* Exercise aim:
In the records below, find the line containing "Alanlı Kemal Dürüst'ü kınadı!" and the line containing "Guess 4G Triangle"; please repeat exactly the lines from one to the other, both included, and nothing more.

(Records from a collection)
========
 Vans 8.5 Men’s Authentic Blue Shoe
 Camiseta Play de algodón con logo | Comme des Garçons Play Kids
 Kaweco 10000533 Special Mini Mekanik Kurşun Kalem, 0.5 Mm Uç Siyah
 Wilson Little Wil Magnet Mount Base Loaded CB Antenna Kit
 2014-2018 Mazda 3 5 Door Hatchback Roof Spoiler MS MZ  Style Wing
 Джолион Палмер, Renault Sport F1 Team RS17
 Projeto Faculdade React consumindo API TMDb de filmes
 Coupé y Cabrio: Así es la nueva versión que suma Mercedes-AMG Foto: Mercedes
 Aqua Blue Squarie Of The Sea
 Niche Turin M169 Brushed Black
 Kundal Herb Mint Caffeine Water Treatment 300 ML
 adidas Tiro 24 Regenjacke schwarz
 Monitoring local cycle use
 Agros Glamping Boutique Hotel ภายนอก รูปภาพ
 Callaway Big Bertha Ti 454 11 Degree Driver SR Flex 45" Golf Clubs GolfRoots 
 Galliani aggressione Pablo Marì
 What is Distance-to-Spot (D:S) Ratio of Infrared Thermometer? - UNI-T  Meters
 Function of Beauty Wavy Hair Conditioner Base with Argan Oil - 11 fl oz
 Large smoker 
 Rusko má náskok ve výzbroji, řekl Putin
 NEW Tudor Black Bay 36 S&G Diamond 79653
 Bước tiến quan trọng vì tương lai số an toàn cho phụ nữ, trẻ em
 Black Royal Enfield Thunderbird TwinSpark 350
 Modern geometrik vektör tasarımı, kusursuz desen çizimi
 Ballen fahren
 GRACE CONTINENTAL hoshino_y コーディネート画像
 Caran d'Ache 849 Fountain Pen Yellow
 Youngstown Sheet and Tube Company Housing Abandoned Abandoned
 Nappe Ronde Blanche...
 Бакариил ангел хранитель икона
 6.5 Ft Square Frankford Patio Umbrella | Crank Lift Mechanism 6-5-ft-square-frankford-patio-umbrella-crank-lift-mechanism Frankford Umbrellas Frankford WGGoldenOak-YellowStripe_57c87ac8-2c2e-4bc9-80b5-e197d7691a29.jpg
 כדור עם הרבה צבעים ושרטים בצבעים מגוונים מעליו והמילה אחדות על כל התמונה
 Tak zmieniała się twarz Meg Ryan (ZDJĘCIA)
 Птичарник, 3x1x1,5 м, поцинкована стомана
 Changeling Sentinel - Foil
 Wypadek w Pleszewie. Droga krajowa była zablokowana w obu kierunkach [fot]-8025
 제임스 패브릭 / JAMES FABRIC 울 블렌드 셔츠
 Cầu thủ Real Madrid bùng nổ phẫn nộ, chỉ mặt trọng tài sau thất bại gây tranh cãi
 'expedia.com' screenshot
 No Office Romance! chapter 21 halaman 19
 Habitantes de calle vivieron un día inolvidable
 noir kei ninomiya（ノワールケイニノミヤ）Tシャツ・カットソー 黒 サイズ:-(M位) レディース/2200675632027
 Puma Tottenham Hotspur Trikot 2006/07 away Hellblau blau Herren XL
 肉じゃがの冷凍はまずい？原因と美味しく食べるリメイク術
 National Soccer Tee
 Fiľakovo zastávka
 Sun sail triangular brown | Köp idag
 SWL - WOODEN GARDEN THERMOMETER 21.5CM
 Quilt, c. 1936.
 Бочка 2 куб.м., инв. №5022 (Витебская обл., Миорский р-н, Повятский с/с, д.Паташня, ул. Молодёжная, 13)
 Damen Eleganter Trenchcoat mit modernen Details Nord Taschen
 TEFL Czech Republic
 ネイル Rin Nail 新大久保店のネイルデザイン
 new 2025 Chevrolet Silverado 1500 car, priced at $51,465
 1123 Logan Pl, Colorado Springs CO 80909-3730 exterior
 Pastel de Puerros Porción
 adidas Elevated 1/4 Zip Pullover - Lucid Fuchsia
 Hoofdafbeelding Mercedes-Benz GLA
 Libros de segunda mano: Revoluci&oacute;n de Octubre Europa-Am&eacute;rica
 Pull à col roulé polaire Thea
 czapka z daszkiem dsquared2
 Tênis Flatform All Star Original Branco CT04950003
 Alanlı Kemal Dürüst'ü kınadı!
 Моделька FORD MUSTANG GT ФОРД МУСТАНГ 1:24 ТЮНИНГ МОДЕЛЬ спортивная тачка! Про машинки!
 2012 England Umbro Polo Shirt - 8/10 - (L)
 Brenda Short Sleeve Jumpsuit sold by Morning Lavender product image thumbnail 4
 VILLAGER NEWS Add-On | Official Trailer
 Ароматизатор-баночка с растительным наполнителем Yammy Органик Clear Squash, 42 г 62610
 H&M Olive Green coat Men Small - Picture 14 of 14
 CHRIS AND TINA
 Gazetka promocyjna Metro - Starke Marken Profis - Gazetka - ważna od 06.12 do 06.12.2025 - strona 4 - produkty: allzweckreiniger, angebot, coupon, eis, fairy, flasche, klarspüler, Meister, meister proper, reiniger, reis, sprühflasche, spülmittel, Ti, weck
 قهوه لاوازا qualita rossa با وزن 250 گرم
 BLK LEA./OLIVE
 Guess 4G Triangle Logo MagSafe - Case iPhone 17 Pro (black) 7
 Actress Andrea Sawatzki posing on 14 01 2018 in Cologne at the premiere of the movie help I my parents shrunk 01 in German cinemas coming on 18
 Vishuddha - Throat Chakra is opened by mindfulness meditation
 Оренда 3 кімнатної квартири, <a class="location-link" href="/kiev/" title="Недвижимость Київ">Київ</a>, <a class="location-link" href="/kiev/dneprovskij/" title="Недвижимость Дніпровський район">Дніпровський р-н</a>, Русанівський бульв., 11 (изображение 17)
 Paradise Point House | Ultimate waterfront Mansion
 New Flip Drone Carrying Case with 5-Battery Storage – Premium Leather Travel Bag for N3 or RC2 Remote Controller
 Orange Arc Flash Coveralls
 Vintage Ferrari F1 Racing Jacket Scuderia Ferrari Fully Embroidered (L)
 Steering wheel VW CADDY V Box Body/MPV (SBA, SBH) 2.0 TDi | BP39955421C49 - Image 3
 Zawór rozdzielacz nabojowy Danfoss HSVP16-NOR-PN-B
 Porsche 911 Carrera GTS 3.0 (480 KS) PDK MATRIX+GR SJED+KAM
========
* Result for this task:
 Alanlı Kemal Dürüst'ü kınadı!
 Моделька FORD MUSTANG GT ФОРД МУСТАНГ 1:24 ТЮНИНГ МОДЕЛЬ спортивная тачка! Про машинки!
 2012 England Umbro Polo Shirt - 8/10 - (L)
 Brenda Short Sleeve Jumpsuit sold by Morning Lavender product image thumbnail 4
 VILLAGER NEWS Add-On | Official Trailer
 Ароматизатор-баночка с растительным наполнителем Yammy Органик Clear Squash, 42 г 62610
 H&M Olive Green coat Men Small - Picture 14 of 14
 CHRIS AND TINA
 Gazetka promocyjna Metro - Starke Marken Profis - Gazetka - ważna od 06.12 do 06.12.2025 - strona 4 - produkty: allzweckreiniger, angebot, coupon, eis, fairy, flasche, klarspüler, Meister, meister proper, reiniger, reis, sprühflasche, spülmittel, Ti, weck
 قهوه لاوازا qualita rossa با وزن 250 گرم
 BLK LEA./OLIVE
 Guess 4G Triangle Logo MagSafe - Case iPhone 17 Pro (black) 7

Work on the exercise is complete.